Inorganic composite particles have excellent physical and chemical characteristics and have been applied in various industries. Recently, many studies have examined the optical properties, such as light scattering, refraction, transmission characteristics, by coating organic-inorganic materials on a substrate, such as mica. Mica is widely applied as a pigment, plastics, painted products, and ceramics because of its high chemical stability, durability and non-toxicity. Magnesium oxide has a range of properties, such as high light transmittance, corrosion resistance and non-toxicity, and it is used as an optical material and polymer additives. To use the optical properties of mica and magnesium oxide, mica was coated with magnesium hydroxide by a dissolution and recrystallization process. In this study, the optimal conditions for the haze value of the particles were found by adjusting the amount of precursors and pH. Magnesium hydroxide layers were formed on the surfaces of mica and converted to MgO after calcination at $400^{\circ}C$ for 4 h. The results showed that the value of MgO-coated mica haze can be controlled easily by the amount of the magnesium hydroxide and pH. The optical properties of the inorganic composite powder were analyzed using a hazemeter and the highest haze value was 85.92 % at pH 9. The physicochemical properties of the synthesized composite was analyzed by SEM, XRD, EDS, and PSA.
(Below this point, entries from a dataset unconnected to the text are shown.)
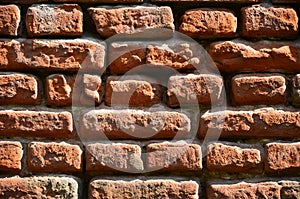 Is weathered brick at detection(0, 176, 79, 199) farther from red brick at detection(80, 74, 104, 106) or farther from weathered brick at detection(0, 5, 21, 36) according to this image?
weathered brick at detection(0, 5, 21, 36)

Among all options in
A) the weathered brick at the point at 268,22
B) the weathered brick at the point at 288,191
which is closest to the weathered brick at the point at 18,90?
the weathered brick at the point at 268,22

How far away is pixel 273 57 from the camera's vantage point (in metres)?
1.28

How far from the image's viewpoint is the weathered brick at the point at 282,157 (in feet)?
4.11

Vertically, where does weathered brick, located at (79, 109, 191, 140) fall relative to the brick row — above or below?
above

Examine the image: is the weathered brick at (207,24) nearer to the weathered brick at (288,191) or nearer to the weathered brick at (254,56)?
the weathered brick at (254,56)

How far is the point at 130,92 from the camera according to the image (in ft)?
4.15

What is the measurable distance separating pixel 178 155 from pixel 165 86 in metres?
0.18

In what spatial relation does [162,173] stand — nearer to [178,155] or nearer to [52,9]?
[178,155]

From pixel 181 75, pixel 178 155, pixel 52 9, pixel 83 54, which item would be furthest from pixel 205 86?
pixel 52 9

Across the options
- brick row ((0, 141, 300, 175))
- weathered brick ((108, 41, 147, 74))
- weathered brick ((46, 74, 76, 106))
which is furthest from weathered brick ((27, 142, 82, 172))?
weathered brick ((108, 41, 147, 74))

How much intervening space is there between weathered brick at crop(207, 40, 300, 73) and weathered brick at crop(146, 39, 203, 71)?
0.13 ft

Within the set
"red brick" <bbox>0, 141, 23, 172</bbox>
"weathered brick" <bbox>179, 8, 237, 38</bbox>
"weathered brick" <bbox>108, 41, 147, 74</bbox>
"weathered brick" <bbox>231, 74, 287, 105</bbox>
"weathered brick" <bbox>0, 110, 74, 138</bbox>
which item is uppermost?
"weathered brick" <bbox>179, 8, 237, 38</bbox>

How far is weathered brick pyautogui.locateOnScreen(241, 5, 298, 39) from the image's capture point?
128 centimetres

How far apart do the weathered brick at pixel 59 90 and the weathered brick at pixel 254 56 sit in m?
0.37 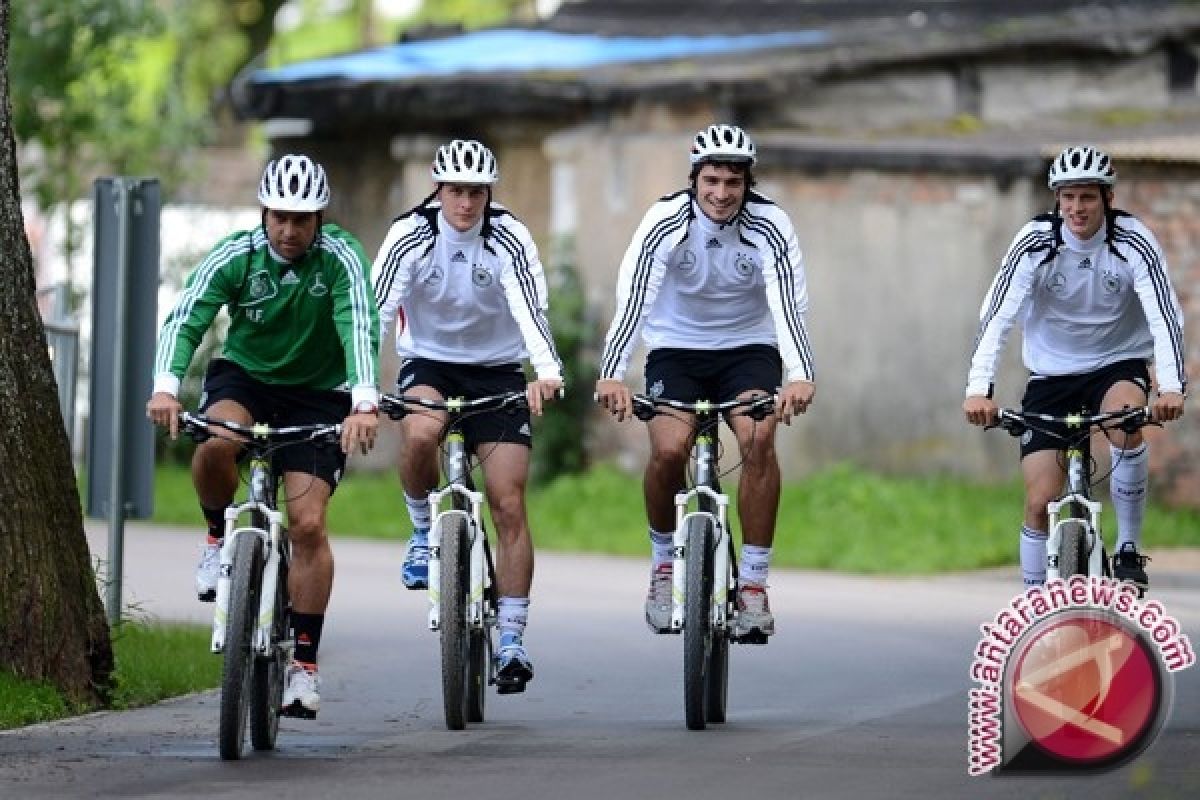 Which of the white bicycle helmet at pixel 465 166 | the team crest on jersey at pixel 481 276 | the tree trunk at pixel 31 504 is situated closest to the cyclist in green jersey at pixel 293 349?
the tree trunk at pixel 31 504

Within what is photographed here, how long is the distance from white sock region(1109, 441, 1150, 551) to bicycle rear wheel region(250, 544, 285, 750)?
4248 mm

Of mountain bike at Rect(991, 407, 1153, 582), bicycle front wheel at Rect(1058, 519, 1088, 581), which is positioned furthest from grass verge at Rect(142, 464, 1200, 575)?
bicycle front wheel at Rect(1058, 519, 1088, 581)

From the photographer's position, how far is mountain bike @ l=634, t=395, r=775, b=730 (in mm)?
11445

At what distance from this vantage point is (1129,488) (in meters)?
13.6

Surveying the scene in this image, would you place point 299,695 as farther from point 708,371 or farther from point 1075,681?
point 1075,681

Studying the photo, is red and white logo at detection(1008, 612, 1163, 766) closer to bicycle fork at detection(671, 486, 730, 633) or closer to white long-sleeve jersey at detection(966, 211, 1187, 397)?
bicycle fork at detection(671, 486, 730, 633)

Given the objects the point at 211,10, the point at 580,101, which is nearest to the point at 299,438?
the point at 580,101

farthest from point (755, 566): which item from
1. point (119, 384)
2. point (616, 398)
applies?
point (119, 384)

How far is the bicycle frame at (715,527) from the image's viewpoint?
1155 cm

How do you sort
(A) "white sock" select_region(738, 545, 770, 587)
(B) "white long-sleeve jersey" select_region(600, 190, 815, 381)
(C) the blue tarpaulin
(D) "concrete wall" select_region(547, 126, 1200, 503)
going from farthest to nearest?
(C) the blue tarpaulin
(D) "concrete wall" select_region(547, 126, 1200, 503)
(A) "white sock" select_region(738, 545, 770, 587)
(B) "white long-sleeve jersey" select_region(600, 190, 815, 381)

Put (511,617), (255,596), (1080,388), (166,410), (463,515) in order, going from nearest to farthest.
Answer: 1. (255,596)
2. (166,410)
3. (463,515)
4. (511,617)
5. (1080,388)

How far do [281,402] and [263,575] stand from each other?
0.88 m

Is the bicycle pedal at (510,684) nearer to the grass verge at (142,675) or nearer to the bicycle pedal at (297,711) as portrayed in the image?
the bicycle pedal at (297,711)

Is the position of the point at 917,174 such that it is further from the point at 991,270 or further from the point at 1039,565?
the point at 1039,565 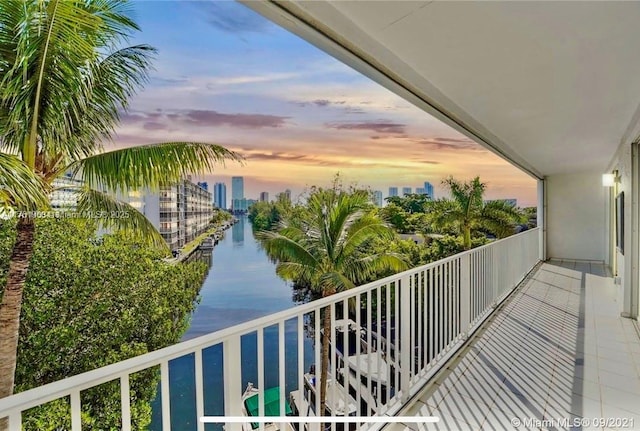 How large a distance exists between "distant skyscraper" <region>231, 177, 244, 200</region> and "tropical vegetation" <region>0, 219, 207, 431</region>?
520 cm

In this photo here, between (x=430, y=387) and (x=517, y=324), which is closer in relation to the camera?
(x=430, y=387)

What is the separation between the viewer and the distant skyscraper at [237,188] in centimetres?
1705

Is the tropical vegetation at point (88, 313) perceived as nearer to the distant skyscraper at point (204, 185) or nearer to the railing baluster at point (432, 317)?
the distant skyscraper at point (204, 185)

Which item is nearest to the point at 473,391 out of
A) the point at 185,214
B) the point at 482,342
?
the point at 482,342

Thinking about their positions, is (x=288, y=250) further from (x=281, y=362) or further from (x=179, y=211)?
(x=179, y=211)

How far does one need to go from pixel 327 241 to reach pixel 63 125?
5.54 meters

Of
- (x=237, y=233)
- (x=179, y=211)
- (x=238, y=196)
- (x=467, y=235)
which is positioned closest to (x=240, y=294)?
(x=237, y=233)

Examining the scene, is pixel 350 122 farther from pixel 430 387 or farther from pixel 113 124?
pixel 430 387

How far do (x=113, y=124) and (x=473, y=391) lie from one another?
8.22 m

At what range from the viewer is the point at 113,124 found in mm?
7480

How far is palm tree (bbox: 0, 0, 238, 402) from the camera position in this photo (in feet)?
15.1

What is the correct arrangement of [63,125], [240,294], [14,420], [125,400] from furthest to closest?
[240,294]
[63,125]
[125,400]
[14,420]

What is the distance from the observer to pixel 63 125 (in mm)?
5707

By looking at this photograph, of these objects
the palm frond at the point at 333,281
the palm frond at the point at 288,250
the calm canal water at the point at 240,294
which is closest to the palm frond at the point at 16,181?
the palm frond at the point at 288,250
무기 복합 입자는 독특한 물리 화학적 특성에 따라 다양한 산업 분야에 응용된다. 최근 마이카와 같은 판상 기질에 유 무기 물질을 코팅하여 광 산란, 굴절 및 투과 특성 등의 광학적 특성을 이용하는 연구가 활발히 진행되고 있다. 마이카는 높은 화학적 안정성, 내후성 및 무독성의 입자로 안료, 플라스틱, 페인트, 세라믹 등에 널리 적용되고 있다. 산화마그네슘은 높은 빛 투과율, 내식성, 무독성을 갖고 있어, 광학재료 및 고분자 첨가제 등으로 이용되고 있다. 마이카와 산화마그네슘의 광학적 특성을 이용하기 위하여 수산화마그네슘을 용해 재결정하여 마이카 표면에 코팅하였다. 전구체의 농도, pH 변화 등의 공정 변수를 조절하여 적합한 헤이즈 값을 갖는 입자를 합성하였다. 결과적으로 마이카 표면에 수산화마그네슘 층이 형성되고, 4시간 동안 $400^{\circ}C$에서 소성하면 산화마그네슘으로 변환된다. 본 연구에서는 pH와 수산화마그네슘의 첨가량 조절로 헤이즈 값을 쉽게 제어 할 수 있는 것을 보여주었다. 제조된 분체의 광학적 특성은 탁도계(Hazemeter)를 이용해 측정하였고, pH 9에서 가장 높은 값인 85.92%를 얻었다. 복합분체의 물리 화학적 특성은 XRD, SEM, EDS 및 PSA를 통해 확인하였다.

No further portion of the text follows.